Caption-style text data
━━━━━━━━━━
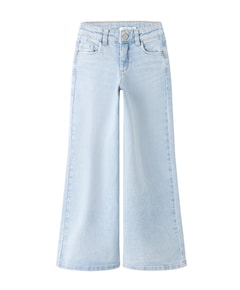 NKFPOLLY X-WIDE JEANS 3057-FR NOOS meisjes jeans blauw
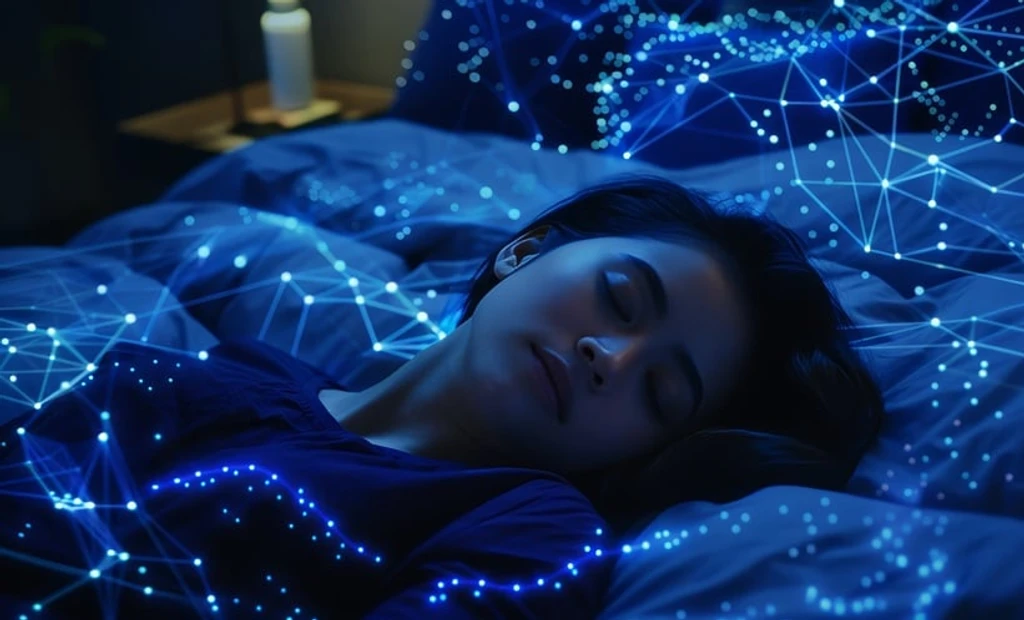 Sleep EEG Brain Age Index Predicts Dementia Risk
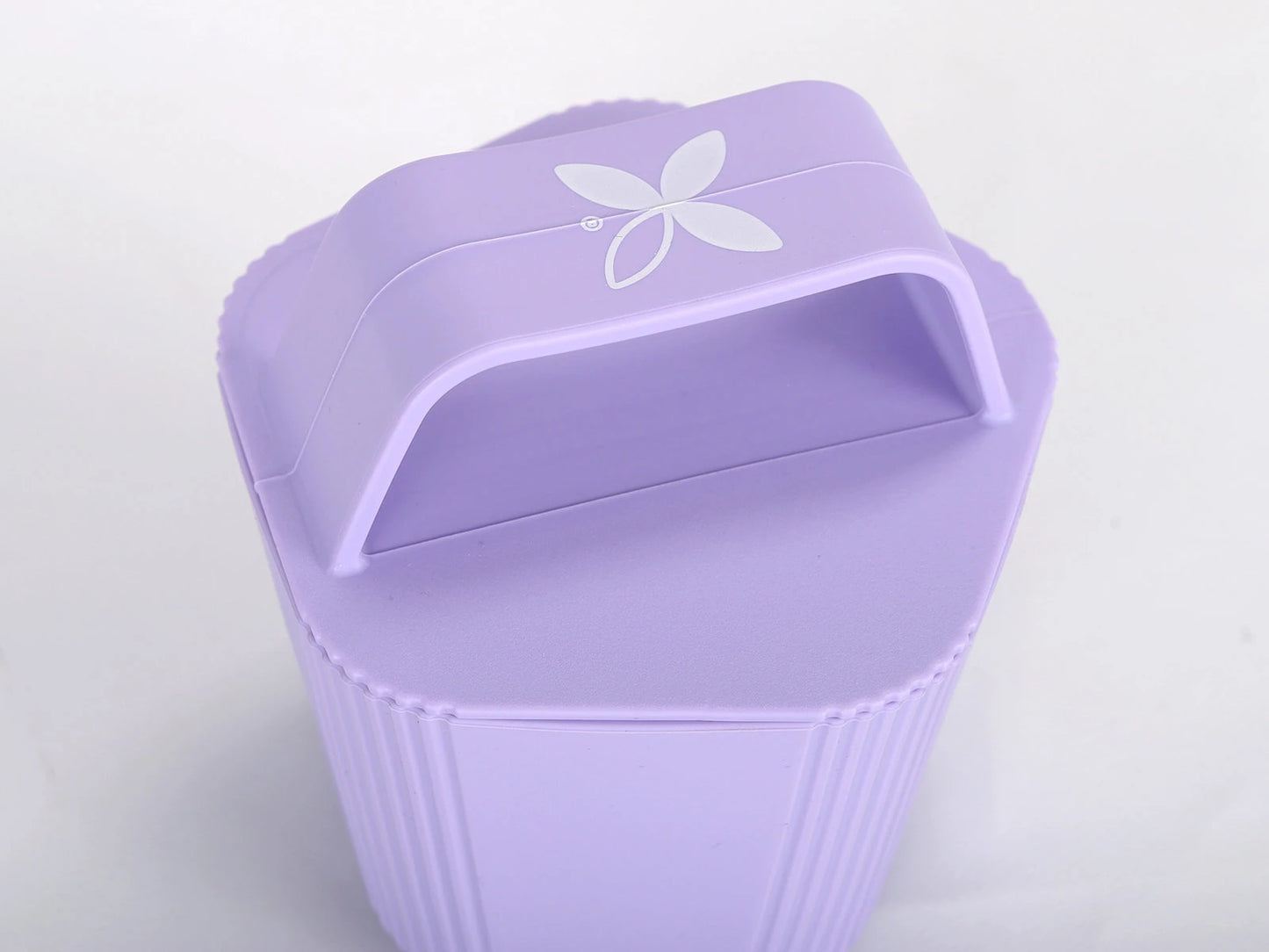 Jäähierontalaite keholle, violetti L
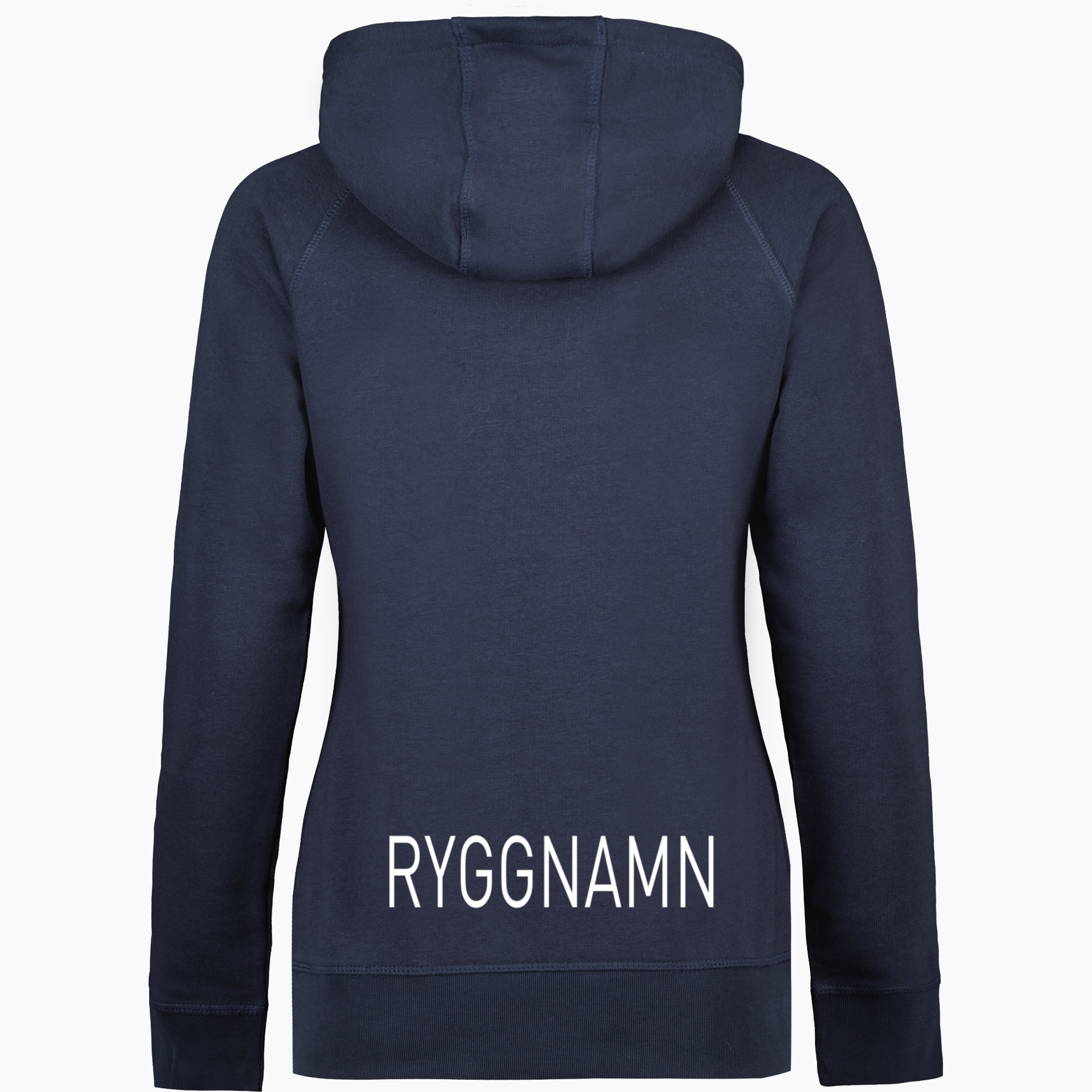 Raglan W Hoody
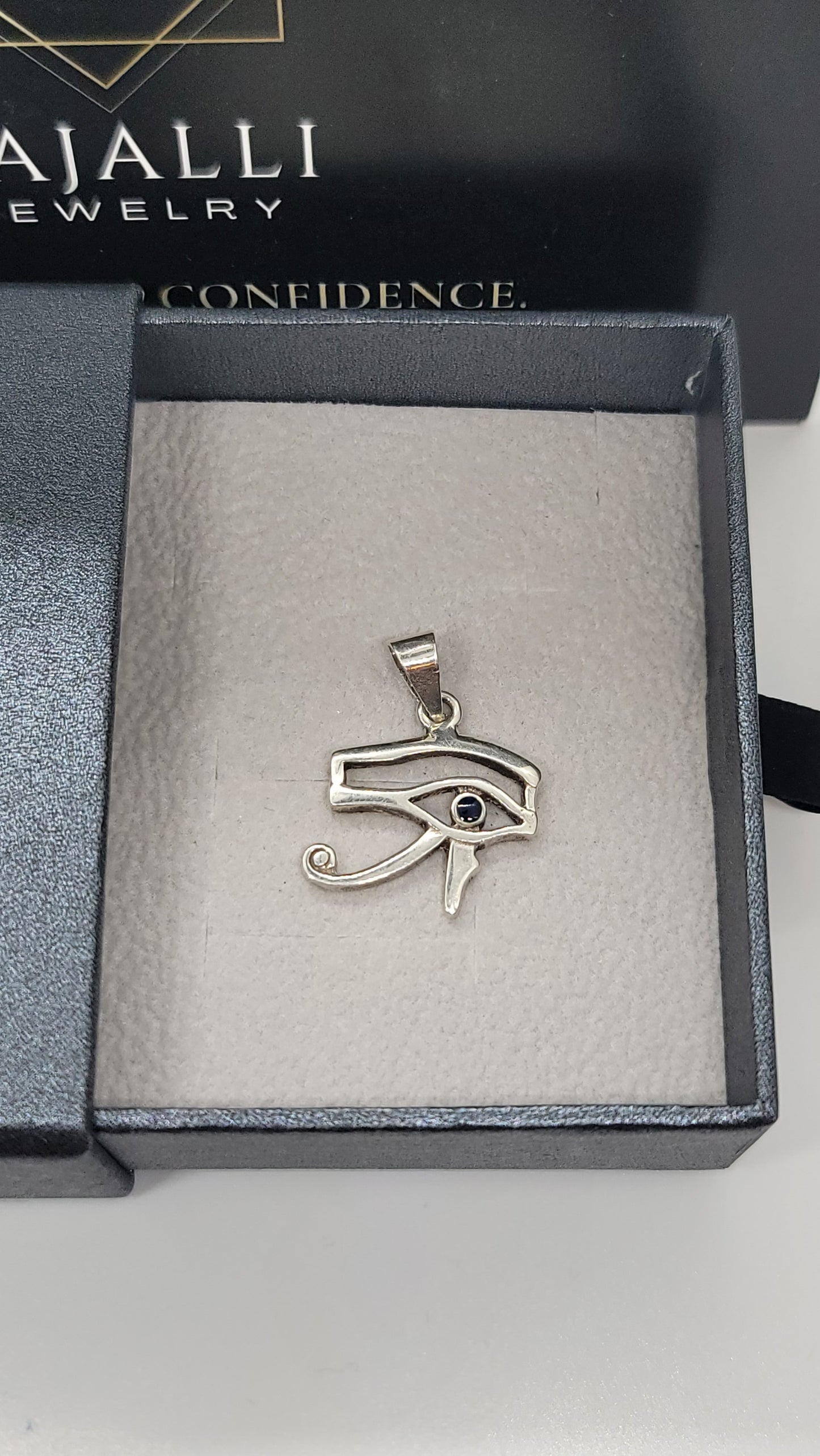 The Eye of the Nile Charm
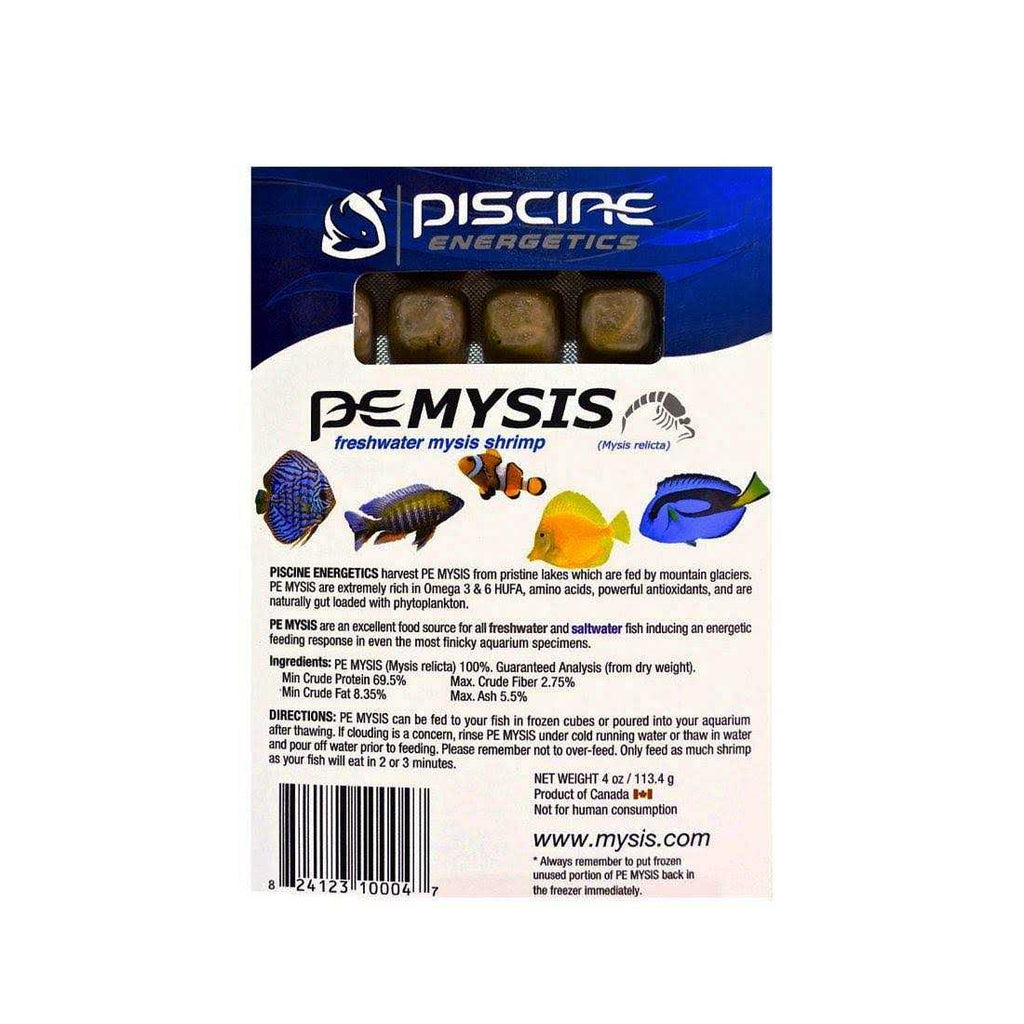 Frozen Mysis Shrimp K27399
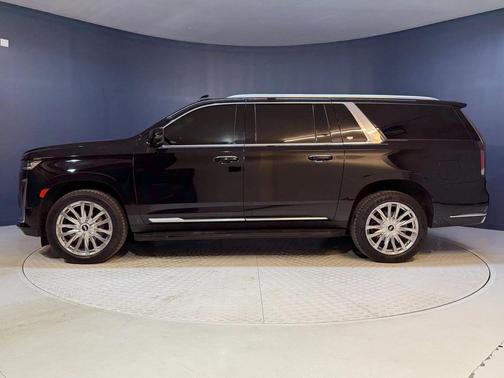 2021 Cadillac Escalade ESV Premium Luxury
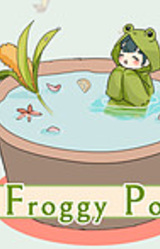 Froggy Pot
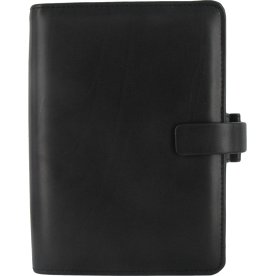 Filofax Metropol Kalenderomslag | Personal | Sort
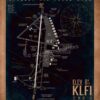 KLFI Langley AFB Airfield Art KLFI Langley AFB Airfield Art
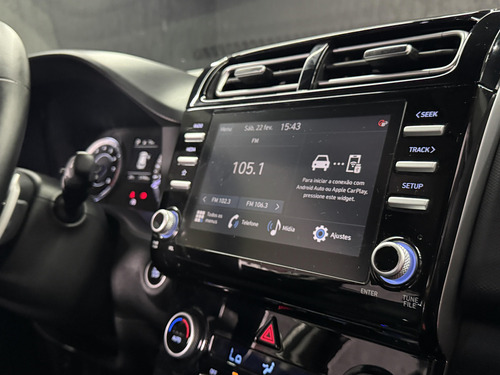 Hyundai Creta CRETA LIMITED 1.0 TB 12V FLEX AUT.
━━━━━━━━━━
WHAT YOU ARE ASKED TO DO
Reproduce every line above as written, skipping pictures.

RESPONSE
 NKFPOLLY X-WIDE JEANS 3057-FR NOOS meisjes jeans blauw
 Sleep EEG Brain Age Index Predicts Dementia Risk
 Jäähierontalaite keholle, violetti L
 Raglan W Hoody
 The Eye of the Nile Charm
 Frozen Mysis Shrimp K27399
 2021 Cadillac Escalade ESV Premium Luxury
 Froggy Pot
 Filofax Metropol Kalenderomslag | Personal | Sort
 KLFI Langley AFB Airfield Art KLFI Langley AFB Airfield Art
 Hyundai Creta CRETA LIMITED 1.0 TB 12V FLEX AUT.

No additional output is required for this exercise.